# YOUR OBJECTIVE
Before copying, set the pictures aside; then repeat every line below verbatim.

--- INPUT MATERIAL ---

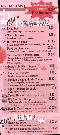 menus du restaurant : ONCLE SCOTT'S page 03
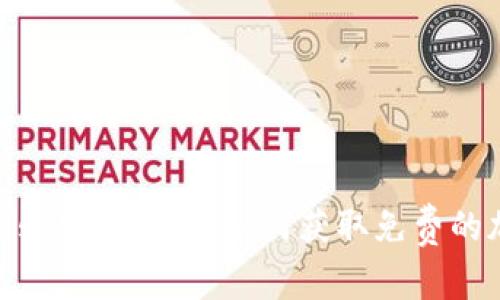 Metamask空投教程：如何获取免费的加密资产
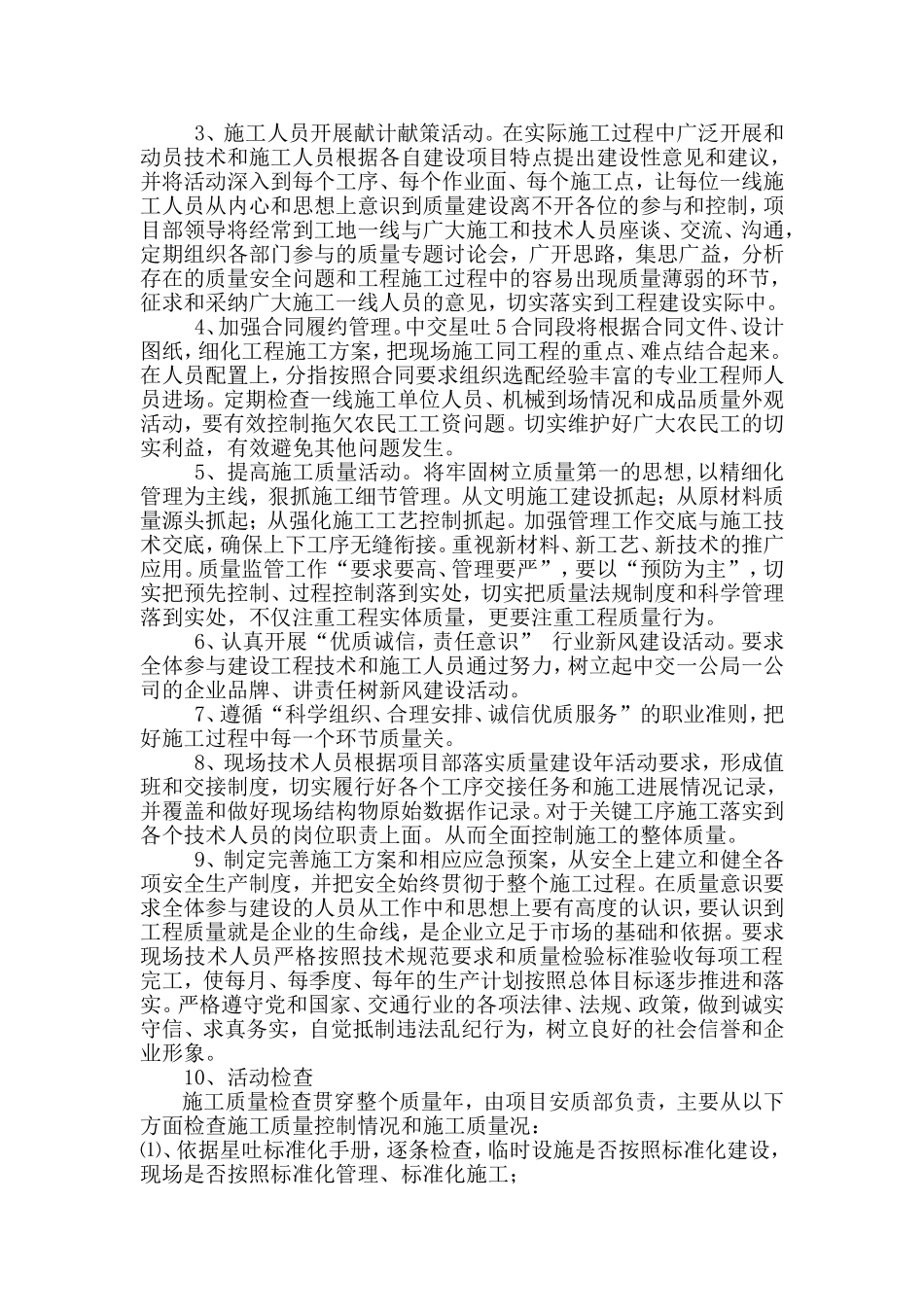 项目防止质量通病具体措施及施工工艺不规范_第2页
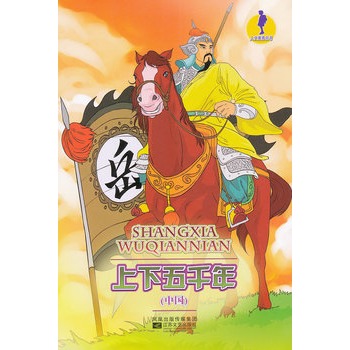 �������B(y��ng)����-������ǧ�꣨�Ї���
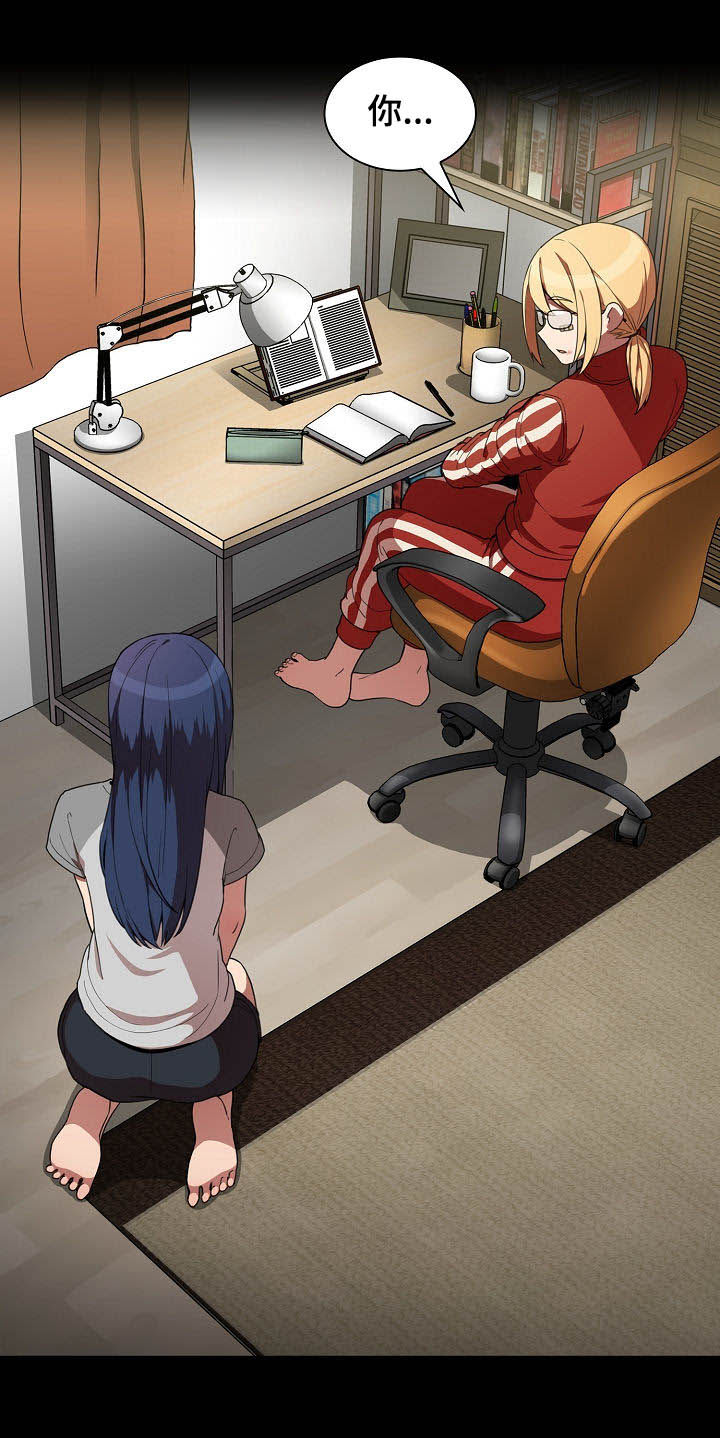 窗外芳邻漫画,第79章：冰释前嫌5图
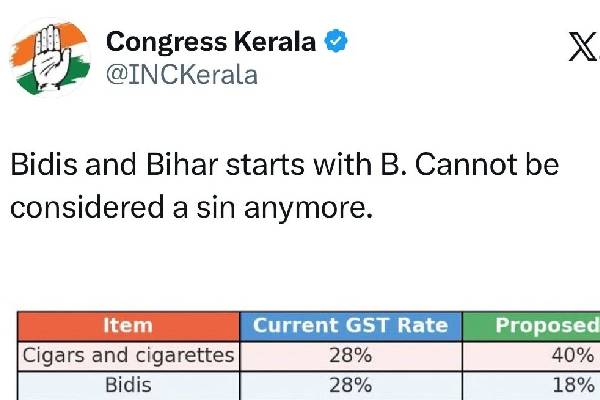 bihar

---

# SOLUTION FOR THIS EXERCISE
 menus du restaurant : ONCLE SCOTT'S page 03
 Metamask空投教程：如何获取免费的加密资产
 项目防止质量通病具体措施及施工工艺不规范_第2页
 �������B(y��ng)����-������ǧ�꣨�Ї���
 窗外芳邻漫画,第79章：冰释前嫌5图
 bihar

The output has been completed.